CAMINO VERDE: RAPIDLY AND HAPHAZARDLY URBANIZED, THE POOR NEIGHBORHOOD
IS ONE OF TIJUANA’S MOST DANGEROUS.
.

Iván Cruz’s neighborhood in Tijuana, Camino Verde, is appropriately
named. In its center, a canyon road curls along a creek bed, through
the pale green of the Baja California brushland. In the late
afternoon, the valley cools as the sun sinks behind the coastal
mountains; the shadows of the scraggly trees lengthen along the steep
hillsides, where houses made of fiberboard and tin roofs are stacked
one on top of another. Like many neighborhoods on Tijuana’s
outskirts, Camino Verde was rapidly and haphazardly urbanized. The
roads are winding and poorly maintained, and the electricity and
sewage systems are improvised. Stray dogs, the real kings of the
roads, stop traffic, and feral chickens wander between houses.

While Camino Verde has a reputation as one of Tijuana’s poorest and
most dangerous neighborhoods, its true notoriety comes from a small
number of its residents.
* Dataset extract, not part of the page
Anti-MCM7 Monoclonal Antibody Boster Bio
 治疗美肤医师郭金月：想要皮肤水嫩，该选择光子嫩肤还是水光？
According to locals, it’s known as the
birthplace of some of Mexico’s most famous killers. Taking advantage
of the desperate conditions and lack of opportunity in the
neighborhood, the cartels have long gone there to recruit their most
brutal _sicarios_
[[link removed]].

Remembering the dead: In Ivan Cruz’s Camino Verde home, he keeps a
small shrine for his slain brother, Alejandro, who was shot and killed
in 2017. (Jack Herrera)

Up on one of the hills of Camino Verde, along a perilously steep
walkway, Cruz lives with his parents, his sister, her son, his widowed
sister-in-law, and her young son in a tidy house. When I first visited
him, one of the neighborhood’s stray dogs barked at me playfully as
a man watched us closely from a car parked across the street.
(_Halcones_, or gang lookouts, are a fixture in the neighborhood.)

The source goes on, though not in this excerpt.